Dynamic Programming | Set 30 (Dice Throw)

Given n dice each with m faces, numbered from 1 to m, find the number of ways to get sum X. X is the summation of values on each face when all the dice are thrown.

The Naive approach is to find all the possible combinations of values from n dice and keep on counting the results that sum to X.



This problem can be efficiently solved using Dynamic Programming (DP).

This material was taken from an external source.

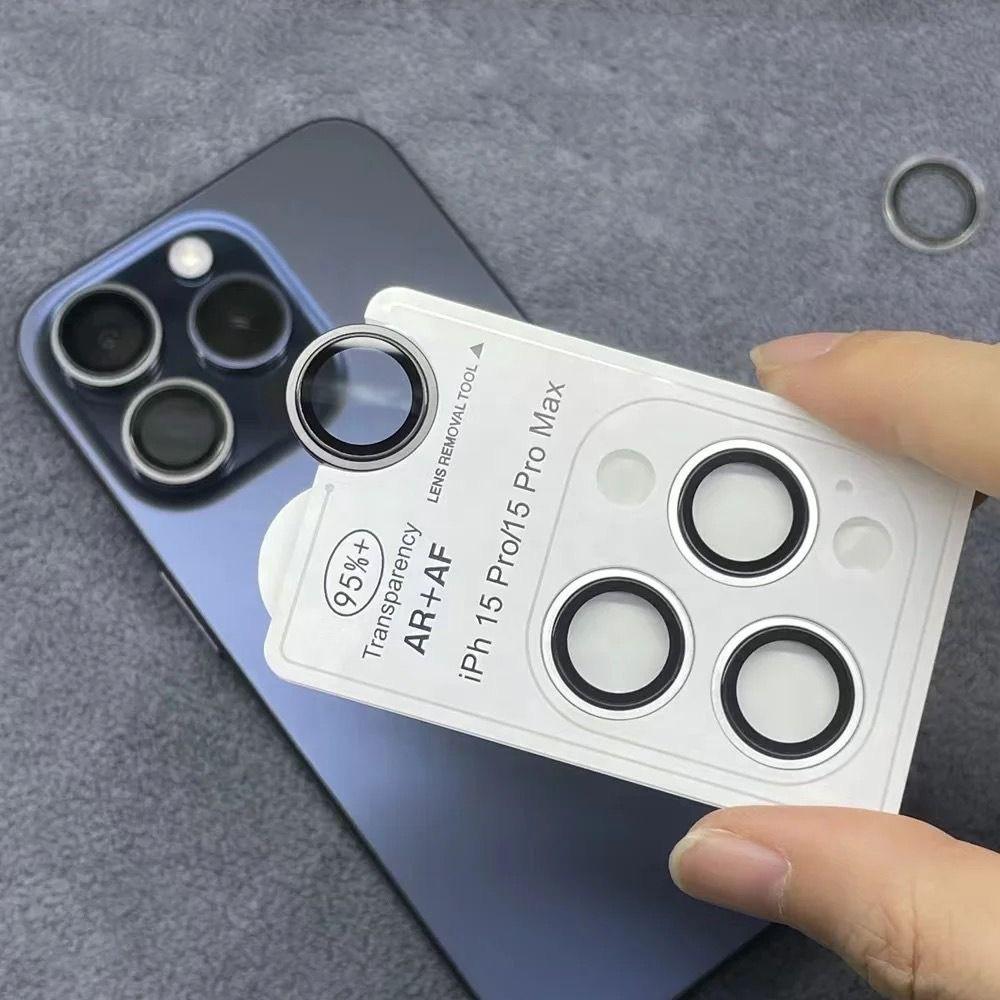 2-3Pcs 8K HD Metal Ring Camera Lens Protectors Glass For IPhone 17 16 15 14 Pro Max Lens Protective Films 4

Let the function to find X from n dice is: Sum(m, n, X)
The function can be represented as:
Sum(m, n, X) = Finding Sum (X - 1) from (n - 1) dice plus 1 from nth dice
               + Finding Sum (X - 2) from (n - 1) dice plus 2 from nth dice
               + Finding Sum (X - 3) from (n - 1) dice plus 3 from nth dice
                  ...................................................
                  ...................................................
                  ...................................................
              + Finding Sum (X - m) from (n - 1) dice plus m from nth dice

So we can recursively write Sum(m, n, x) as following
Sum(m, n, X) = Sum(m, n - 1, X - 1) + 
               Sum(m, n - 1, X - 2) +
               .................... + 
               Sum(m, n - 1, X - m)

Why DP approach?
The above problem exhibits overlapping subproblems. See the below diagram. Also, see this recursive implementation. Let there be 3 dice, each with 6 faces and we need to find the number of ways to get sum 8:

diceThrow2

Sum(6, 3, 8) = Sum(6, 2, 7) + Sum(6, 2, 6) + Sum(6, 2, 5) + 
               Sum(6, 2, 4) + Sum(6, 2, 3) + Sum(6, 2, 2)

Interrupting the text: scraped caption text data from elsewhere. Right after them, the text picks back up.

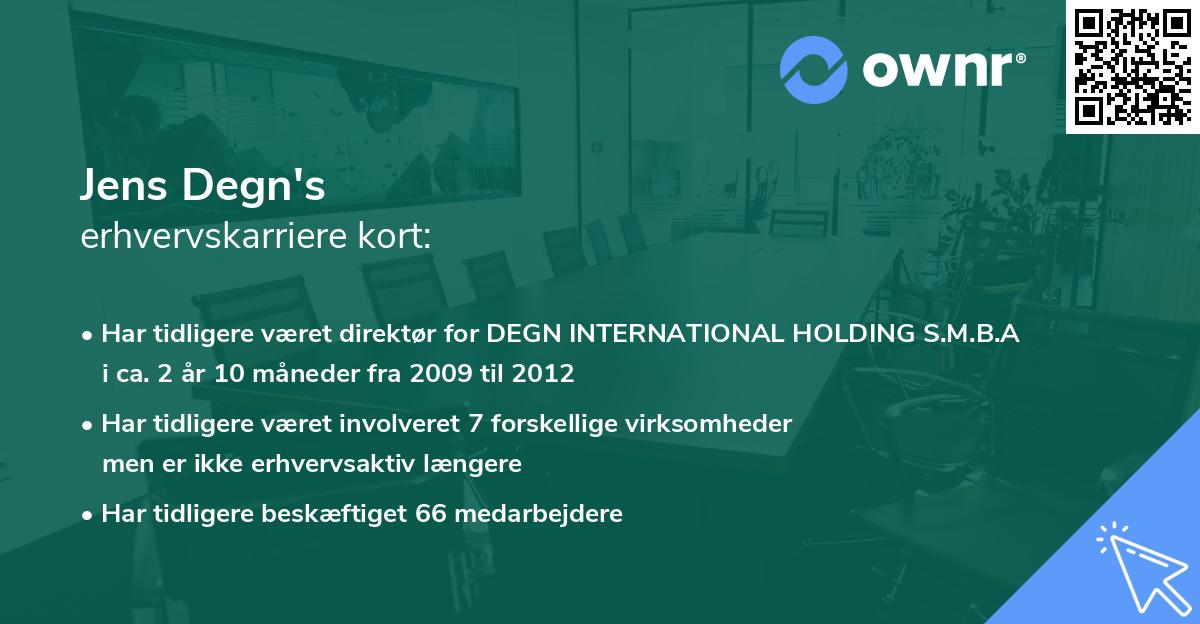 Jens Degn's erhvervskarriere kort
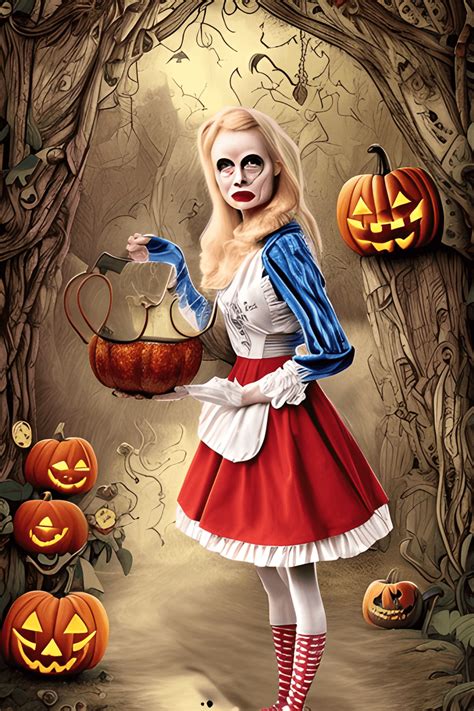 Halloween Alice in Wonderland Graphic · Creative Fabrica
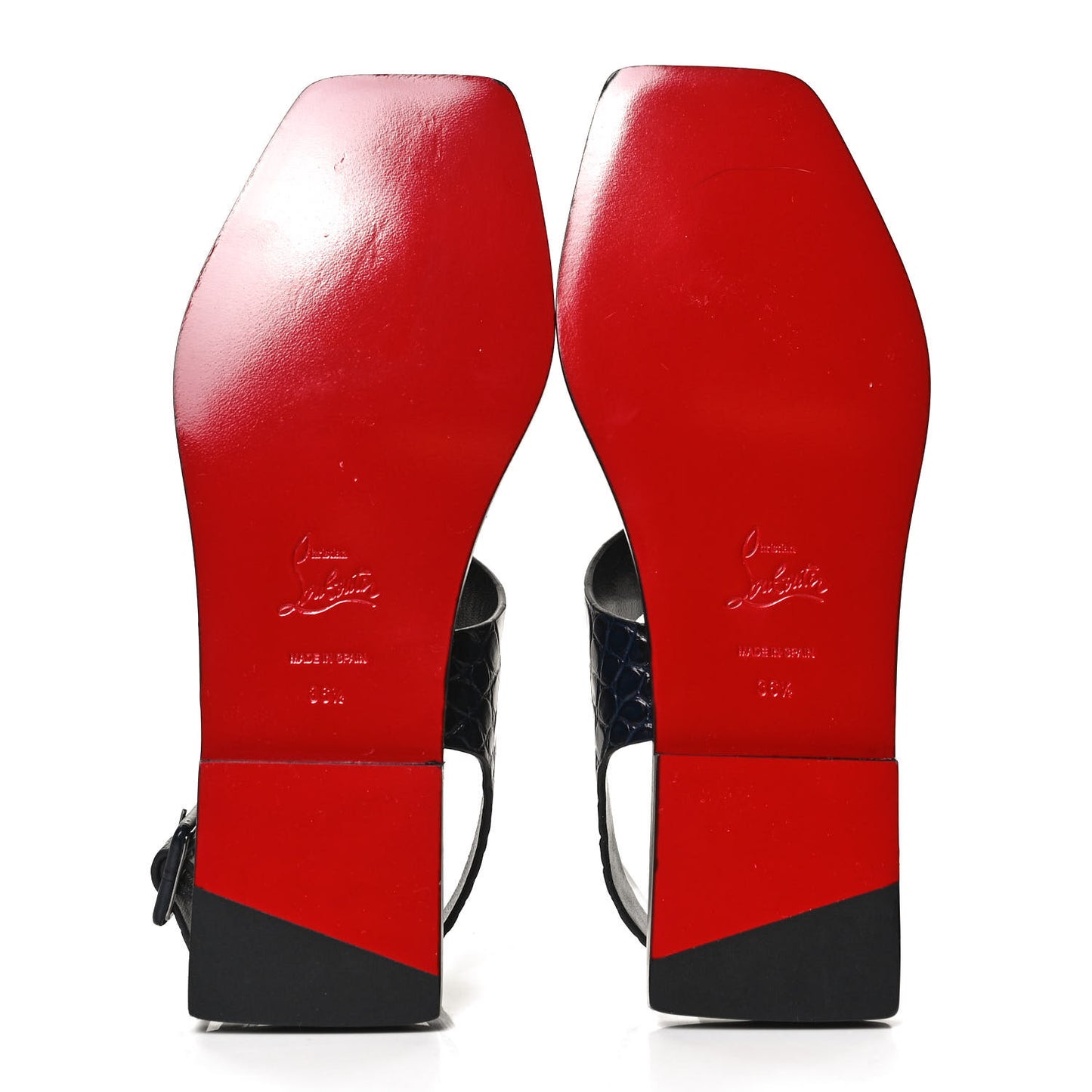 Calfskin Crocodile Embossed Cubongo Flat Sandals 36.5 Obscur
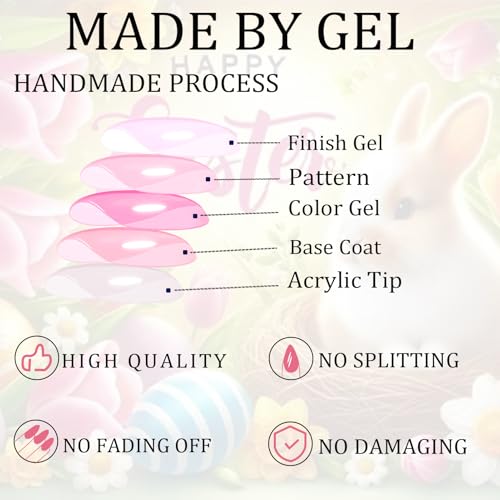 Short Almond Press on Nails with Fresh Floral Design Glossy Acrylic Fake Nails 30pcs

To evaluate Sum(6, 3, 8), we need to evaluate Sum(6, 2, 7) which can 
recursively written as following:
Sum(6, 2, 7) = Sum(6, 1, 6) + Sum(6, 1, 5) + Sum(6, 1, 4) + 
               Sum(6, 1, 3) + Sum(6, 1, 2) + Sum(6, 1, 1)

We also need to evaluate Sum(6, 2, 6) which can recursively written
as following:
Sum(6, 2, 6) = Sum(6, 1, 5) + Sum(6, 1, 4) + Sum(6, 1, 3) +
               Sum(6, 1, 2) + Sum(6, 1, 1)
..............................................
..............................................
Sum(6, 2, 2) = Sum(6, 1, 1)

Please take a closer look at the above recursion. The sub-problems in RED are solved first time and sub-problems in BLUE are solved again (exhibit overlapping sub-problems). Hence, storing the results of the solved sub-problems saves time.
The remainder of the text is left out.